The program that trains vehicle operators is fairly vigorous. It takes three weeks to complete and requires trainees to pass multiple written assessments and road tests. An Uber representative said the company employs "hundreds" of safety drivers, but declined to provide a specific count.

Vehicle operators first practice on the ALMONO test track before monitoring the cars in the real world, which are capable of driving in Downtown Pittsburgh, the Strip District, Bloomfield, Shadyside, Southside, Oakland, and Squirrel Hill.

Just like the vehicle operators, the Uber cars don't leave ALMONO until they've successfully passed certain tests, like braking when a mannequin jets out in front of it.
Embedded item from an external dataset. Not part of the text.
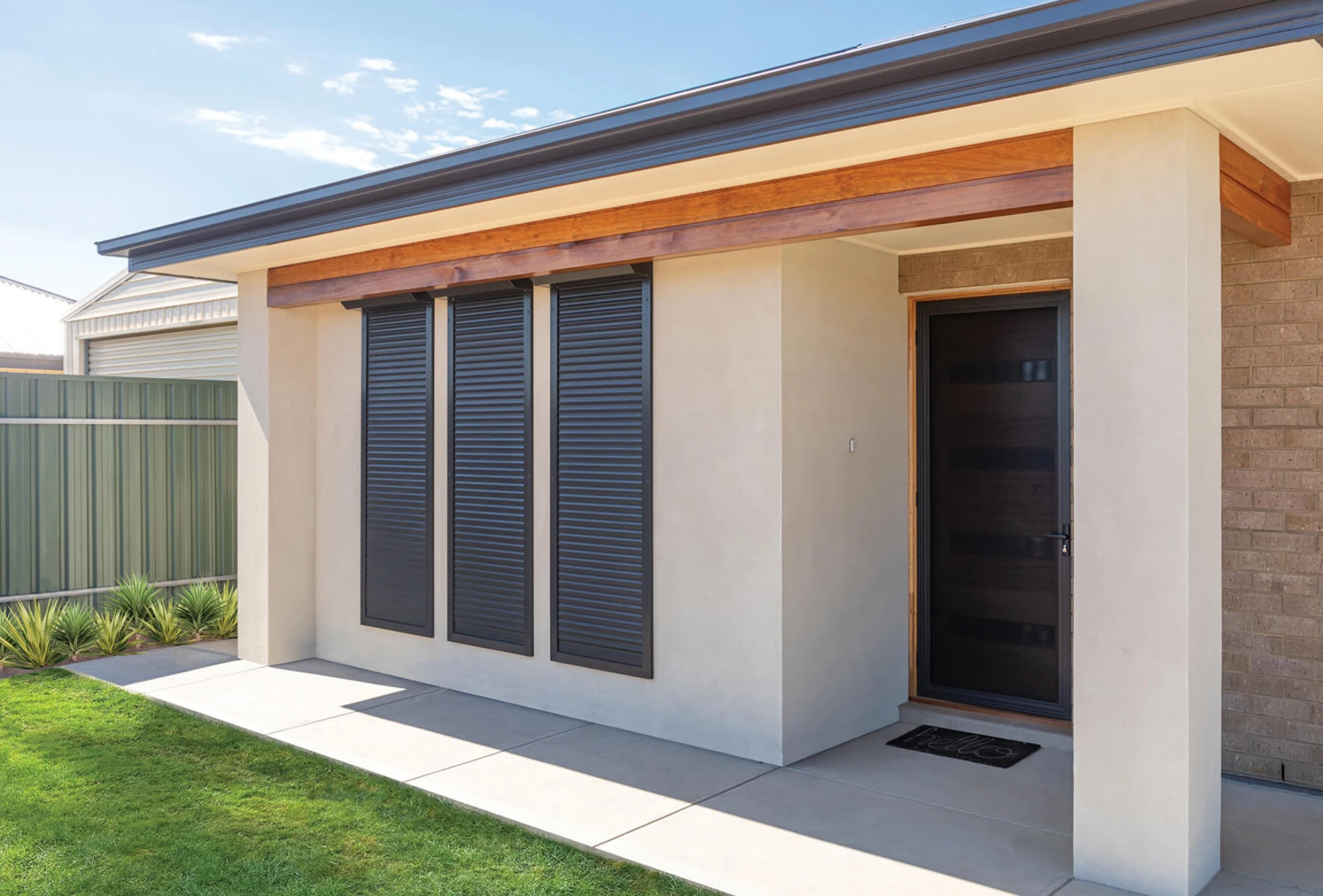 3-(split)-cw-products-42mm-double-line-roller-shutter.jpg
Uber isn't the only company to build a fake city to train its self-driving vehicles. Ford has one called MCity in Ann Arbor, Michigan, that measures 32 acres.

Uber introduced its self-driving cars to the public for the first time last September when it started allowing users to hail a ride in robotic Ford Fusions in the Steel City. It was a huge launch at the time, considering major competitors like Google had yet to expose its technology to the real world. For many, it showed Uber was dead serious about being a player in the autonomous space.
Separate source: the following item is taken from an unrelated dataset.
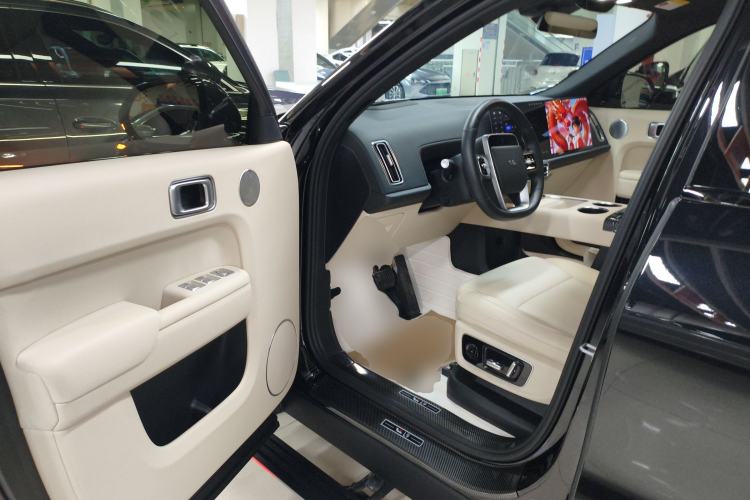 Used Li Auto L9 2022 Max model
Uber has since launched programs in Arizona and San Francisco. However, the cars are only used to map routes in San Francisco after the California DMV revoked Uber's vehicle registrations in a public dispute.

The fate of Uber's self-driving-car program is still somewhat unknown. Waymo, Google's spinoff company, is suing Uber, claiming the company stole intellectual property and trade secrets to advance the program. The trial is scheduled for December.

But as the two tech behemoths battle it out in the courtroom, Uber's cars will continue whizzing down streets in a fake city in downtown Pittsburgh, preparing for an autonomous, ride-hailing future.